Version 3.4.0 (21-Oct-2016)

  • CHANGED: Revised sample submission anonymization settings and dialogs.
  • CHANGED: Revised Procedure tab in Sample Overview.
  • CHANGED: Changed NCBI access from http to https.
  • CHANGED: Renamed 'Query Libraries' into 'Genotyping Libraries'.
  • CHANGED: Renamed 'WGS Parameters' tab into 'Task Procedure'.
  • CHANGED: Renamed Sequence Specifications into Procedure Specifications.
  • CHANGED: Renamed QC Analysis into Target QC Procedure.
  • CHANGED: Revised HTML export of Graphical Map.
  • CHANGED: Fixed problems with missing FASTQ files in ENA submission.
  • CHANGED: Improved performance of access control checks in large databases.
  • CHANGED: Value 'unknown' for date and country field was replaced by 'not collected' for new entries.
  • CHANGED: Fixed a problem when downloading NCBI draft genomes with thousands of contigs.
  • NEW: Added option to use allele type numbers when creating a Task Template from allelic libraries.
  • NEW: Support SPAdes assembler in pipelines on Linux clients.
  • NEW: Backup settings option to disable size checks on network drives.
  • NEW: Project comparison table, right-click context menu: 'Clear Fields in Selected Samples'.
  • NEW: Filter option in projects, database schemas, and users managing dialogs.
  • Several GUI revisions, smaller improvements and bugfixes.

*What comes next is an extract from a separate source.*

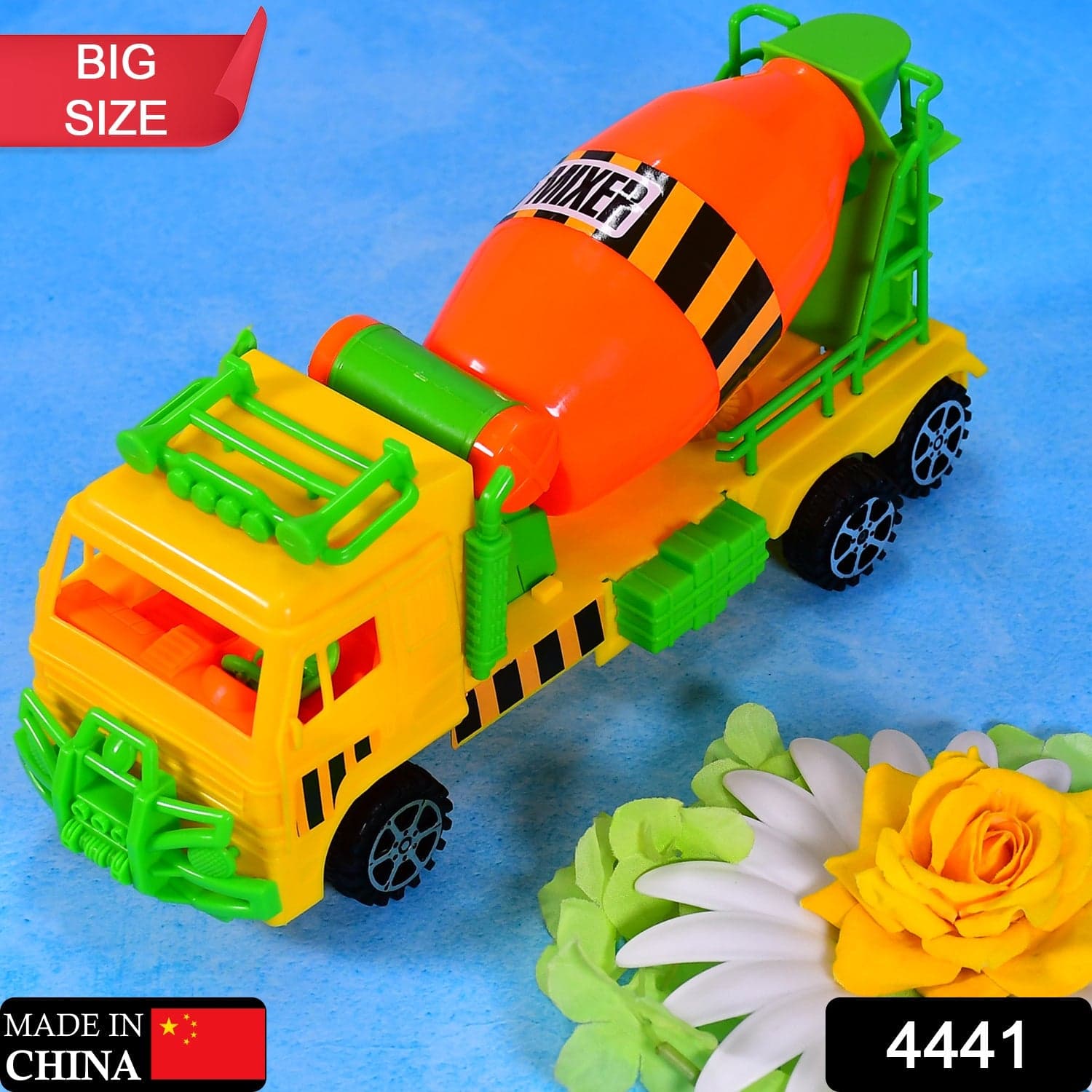 Cement Mixer Truck Pushback Toy For kids thumbnail 2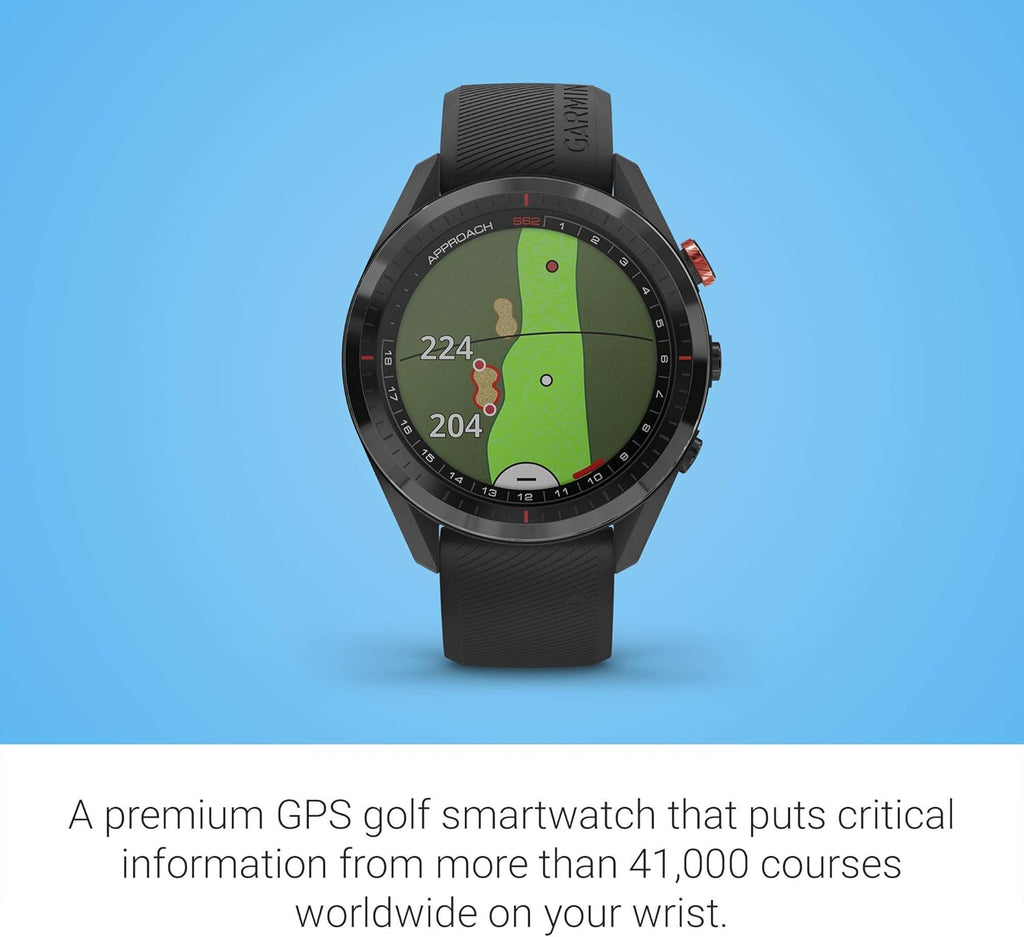 Black Golf GPS Watch K80056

Version 3.3.0 (02-Aug-2016)

  • NEW: 'Open Comparison Table' button in sample search panel.
  • NEW: Menu function 'Logout & Start Pipeline Mode'.
  • NEW: 'Exclude Files in Pipeline (right-click on file preview).
  • CHANGED: Fixed problems with RAST GenBank files and multiple contigs.
  • CHANGED: When importing downloaded GB files the strain is used as sample ID.
  • CHANGED: Copying of FASTQs in pipeline does not overwrite original files.
  • CHANGED: Improved handling of FASTA files without file extension.
  • NEW: Shortcut button in Comparison Table toolbar to export distance matriy.
  • NEW: Password expiration policy can be defined (requires server update).
  • Several GUI revisions, smaller improvements and bugfixes.

Version 3.2.1 (28-Apr-2016)

  • CHANGED: Fixed a color problem in Geographical Maps.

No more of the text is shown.